Les convulsions causées par des lésions parenchymateuses cérébrales peuvent être traitées avec du diazépam Le barbiturique de sodium peut être utilisé pour prévenir les convulsions et non pour les traiter.
Le diazépam appartient aux benzodiazépines
149
5% de glucose n'est pas assez hypertonique, il devrait être à 50%
… ④ Les stimulants respiratoires (paire D) peuvent être utilisés en cas d'insuffisance respiratoire centrale. La théophylline Lobelia est le premier choix... Le nicotsamide peut également être utilisé... ⑤ Améliorer la microcirculation peut améliorer la microcirculation cérébrale et réduire l'œdème cérébral. Soulage le vasospasme cérébral et excite le centre respiratoire. L'atropine peut être utilisée... ou l'anisotine (paire B)... De plus, l'atropine peut également être utilisée...
150
La dopamine (E est faux, la bonne réponse à cette question) est un médicament vasoactif qui peut provoquer une insuffisance circulatoire due à l'encéphalite japonaise. Traitement de l'insuffisance respiratoire due à l'encéphalite japonaise : le stimulant respiratoire Lobelia théophylline (paire A) peut être utilisé, l'anisodamine (paire B) ou la phentolamine (paire D) peuvent être utilisées pour améliorer la microcirculation, et le mannitol à 20 % peut être utilisé pour réduire les troubles cérébraux. œdème (paire C).
Les médicaments bloquant les phentolamines α1 et 2 améliorent la microcirculation
La dopamine ne peut pas traverser la barrière hémato-encéphalique, il faut au moins qu'elle soit de la lévodopa
① Insuffisance respiratoire : 1. Oxygénothérapie : Oxygène administré par canule nasale et masque 2. Déshydratation : Mannitol 3. Réducteurs de mucosités et glucocorticoïdes 4. Stimulants respiratoires : Lobelia théophylline, Nicotsamide, Ritalin, Huisulin 5. Améliorer la microcirculation : scopolamine, atropine, phentolamine ② Forte fièvre : refroidissement principalement physique, accompagné de convulsions isolées : chlorpromazine et prométhazine ③Convulsion : forte fièvre → refroidissement, œdème cérébral → mannitol, lésions parenchymateuses cérébrales → tranquillisant (diazépam)
151
Paludisme à Anophèle, dengue à Aedes, encéphalite japonaise Culex
152
Une fois que le virus de la rage a envahi les tissus, il peut rester localement pendant une courte période, puis envahir le tissu nerveux. La durée de séjour est de 3 jours ou plus (paire E).

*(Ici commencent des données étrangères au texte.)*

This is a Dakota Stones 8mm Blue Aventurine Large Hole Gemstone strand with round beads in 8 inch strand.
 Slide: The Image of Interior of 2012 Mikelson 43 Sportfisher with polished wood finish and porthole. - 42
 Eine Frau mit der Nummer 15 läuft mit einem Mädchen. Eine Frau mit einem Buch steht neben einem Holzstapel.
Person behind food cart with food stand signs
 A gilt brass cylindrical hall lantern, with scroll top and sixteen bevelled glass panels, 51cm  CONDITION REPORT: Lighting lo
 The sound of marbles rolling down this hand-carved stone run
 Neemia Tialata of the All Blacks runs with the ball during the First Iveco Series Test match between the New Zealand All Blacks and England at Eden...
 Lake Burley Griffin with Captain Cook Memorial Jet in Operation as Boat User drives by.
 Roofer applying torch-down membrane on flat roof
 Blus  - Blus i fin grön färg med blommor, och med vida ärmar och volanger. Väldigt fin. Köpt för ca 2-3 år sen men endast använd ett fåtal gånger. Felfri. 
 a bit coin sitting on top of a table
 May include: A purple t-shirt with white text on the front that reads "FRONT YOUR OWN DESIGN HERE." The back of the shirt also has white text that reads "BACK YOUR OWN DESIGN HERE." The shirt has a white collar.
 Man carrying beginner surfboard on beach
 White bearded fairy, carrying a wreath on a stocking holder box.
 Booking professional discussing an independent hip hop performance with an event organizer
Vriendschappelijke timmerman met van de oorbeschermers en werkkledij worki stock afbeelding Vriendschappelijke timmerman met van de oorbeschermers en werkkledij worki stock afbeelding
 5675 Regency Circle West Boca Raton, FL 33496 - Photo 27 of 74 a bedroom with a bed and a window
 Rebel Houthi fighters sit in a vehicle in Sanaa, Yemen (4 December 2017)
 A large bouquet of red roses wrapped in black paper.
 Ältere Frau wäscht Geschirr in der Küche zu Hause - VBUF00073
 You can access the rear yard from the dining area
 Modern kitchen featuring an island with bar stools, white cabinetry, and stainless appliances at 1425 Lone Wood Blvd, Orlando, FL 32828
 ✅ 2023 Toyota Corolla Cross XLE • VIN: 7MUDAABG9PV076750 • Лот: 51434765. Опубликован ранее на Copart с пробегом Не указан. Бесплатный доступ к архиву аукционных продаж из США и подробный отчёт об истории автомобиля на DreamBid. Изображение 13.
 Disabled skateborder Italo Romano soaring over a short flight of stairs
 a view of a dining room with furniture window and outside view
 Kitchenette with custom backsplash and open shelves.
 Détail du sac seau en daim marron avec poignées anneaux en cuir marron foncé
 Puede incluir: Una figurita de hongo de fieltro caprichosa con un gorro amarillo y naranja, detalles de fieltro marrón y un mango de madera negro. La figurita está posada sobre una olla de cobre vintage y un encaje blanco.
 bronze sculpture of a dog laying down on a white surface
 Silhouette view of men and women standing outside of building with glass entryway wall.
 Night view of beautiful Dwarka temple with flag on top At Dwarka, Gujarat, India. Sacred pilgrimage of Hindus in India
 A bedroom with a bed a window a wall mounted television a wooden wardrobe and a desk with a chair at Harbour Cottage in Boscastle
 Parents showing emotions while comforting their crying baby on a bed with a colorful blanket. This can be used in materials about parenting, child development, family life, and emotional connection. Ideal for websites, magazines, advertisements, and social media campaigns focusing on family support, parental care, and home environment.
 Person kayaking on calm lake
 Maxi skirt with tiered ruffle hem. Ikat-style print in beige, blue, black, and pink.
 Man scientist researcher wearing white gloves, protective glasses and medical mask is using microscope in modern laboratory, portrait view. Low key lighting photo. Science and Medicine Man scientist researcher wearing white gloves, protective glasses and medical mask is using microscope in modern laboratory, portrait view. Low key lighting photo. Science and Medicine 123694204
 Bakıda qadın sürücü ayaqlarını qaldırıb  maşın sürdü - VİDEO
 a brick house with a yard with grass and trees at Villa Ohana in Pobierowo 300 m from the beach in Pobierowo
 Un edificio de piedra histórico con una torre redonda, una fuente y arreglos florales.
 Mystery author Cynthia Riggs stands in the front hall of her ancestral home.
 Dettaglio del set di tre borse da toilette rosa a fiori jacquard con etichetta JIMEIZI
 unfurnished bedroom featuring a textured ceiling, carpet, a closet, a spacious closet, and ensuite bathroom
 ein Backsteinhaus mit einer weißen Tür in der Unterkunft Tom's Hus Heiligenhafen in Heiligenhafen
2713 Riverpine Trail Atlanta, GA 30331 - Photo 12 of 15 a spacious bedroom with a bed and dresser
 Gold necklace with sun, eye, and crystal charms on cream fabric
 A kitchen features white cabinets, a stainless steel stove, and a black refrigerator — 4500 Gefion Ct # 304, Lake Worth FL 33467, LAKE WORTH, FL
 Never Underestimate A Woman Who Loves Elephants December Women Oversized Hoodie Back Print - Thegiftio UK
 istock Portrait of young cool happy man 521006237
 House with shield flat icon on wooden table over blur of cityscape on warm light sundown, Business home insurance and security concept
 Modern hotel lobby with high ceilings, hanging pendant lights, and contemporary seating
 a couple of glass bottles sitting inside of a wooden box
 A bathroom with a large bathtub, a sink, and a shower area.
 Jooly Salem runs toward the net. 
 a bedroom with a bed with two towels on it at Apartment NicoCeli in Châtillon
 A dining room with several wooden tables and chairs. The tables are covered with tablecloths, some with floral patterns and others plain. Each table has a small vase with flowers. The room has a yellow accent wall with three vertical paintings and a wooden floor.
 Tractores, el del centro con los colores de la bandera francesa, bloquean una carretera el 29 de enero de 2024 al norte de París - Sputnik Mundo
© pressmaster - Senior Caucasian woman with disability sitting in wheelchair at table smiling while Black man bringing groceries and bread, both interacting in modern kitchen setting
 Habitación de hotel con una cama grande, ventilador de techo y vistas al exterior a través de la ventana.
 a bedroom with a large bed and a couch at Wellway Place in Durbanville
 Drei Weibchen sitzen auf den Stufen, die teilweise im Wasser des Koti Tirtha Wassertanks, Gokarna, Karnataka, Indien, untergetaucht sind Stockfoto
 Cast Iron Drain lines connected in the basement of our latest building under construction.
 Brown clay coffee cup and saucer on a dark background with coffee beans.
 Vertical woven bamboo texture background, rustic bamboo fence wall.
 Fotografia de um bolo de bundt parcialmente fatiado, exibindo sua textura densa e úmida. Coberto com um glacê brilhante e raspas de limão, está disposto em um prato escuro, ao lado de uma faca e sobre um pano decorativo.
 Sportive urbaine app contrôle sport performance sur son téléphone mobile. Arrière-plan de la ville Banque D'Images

Le virus se propage du système nerveux central aux nerfs périphériques, et non par le sang
153
Ex (3) : 0 7 28 Après (5) : 0 3 7 14 28 Sévère (10) : 1-6 10 14 30 90
Injection du vaccin antirabique : 3 fois avant l'exposition (A est correct et B est faux, la bonne réponse à cette question), 5 fois après l'exposition (C est correct), 2 ml à chaque fois, injection intramusculaire (E est correct), morsure grave , 10 injections dans tout le processus, 1 injection chacune du même jour au 6 et 1 injection chacune les 10, 14, 30 et 90 (paire D).
154
neuf cadres de lecture ouverts Trois gènes structurels : gag pol env Deux gènes régulateurs : tat rev Quatre gènes accessoires : nrf vif vpu vrp
155
Il s’agit de deux brins positifs, d’un simple brin double brin et non d’un ARN double brin.
156
Ligne 6 de la page 109 du livre des maladies infectieuses : Le VIH infecte principalement les lymphocytes T CD4, les phagocytes mononucléés, les lymphocytes B, les microglies et les cellules souches de la moelle osseuse.
Les cellules de Kupffer (C est faux, la bonne réponse à cette question) sont des macrophages hépatiques. Un grand nombre de cellules de Kupffer peuvent être observées dans l'hépatite.
157
À l’intérieur du virus VIH se trouve le noyau pyramidal
Le VIH est un virus à ARN simple brin, un rétrovirus, constitué d'un noyau et d'une enveloppe. La couche la plus externe du virus est l’enveloppe lipidique (paire B). Il existe deux types de VIH-1 et VIH-2 (une paire). Le VIH a une faible résistance au monde extérieur et est sensible à la chaleur (paire D). La transcriptase inverse du virus VIH n’ayant aucune fonction de correction, l’agent pathogène est sujet à la mutation (paire D). Le virus VIH n'a pas de noyau cylindrique (C est faux, cette question est correcte)
158
Les rayons UV à 0,1% de formaldéhyde sont inutiles
) & "Le VIH a une faible résistance au monde extérieur. Il est sensible à la chaleur (paire AD). Une température de 56°C pendant 30 minutes peut faire perdre au VIH son pouvoir infectieux pour les lymphocytes T humains in vitro, mais il ne peut pas inactiver complètement le VIH dans le sérum. ; 100°C pendant 20 minutes. Le VIH peut être complètement inactivé en quelques minutes. Il peut être inactivé par 75 % d'éthanol (paire B), 0,2 % d'hypochlorite de sodium (paire C) et de l'eau de Javel. Il ne peut pas être inactivé par 0,1 % de formaldéhyde, les rayons ultraviolets. (E est faux, la bonne réponse à cette question) et les rayons Y vivent le VIH ».
159
Gap120 est responsable du contact et gap41 est responsable de l'infection
160
La maladie du SIDA la plus courante : la pneumonie à Pneumocystis La tumeur maligne la plus courante est le sarcome de Kaposi.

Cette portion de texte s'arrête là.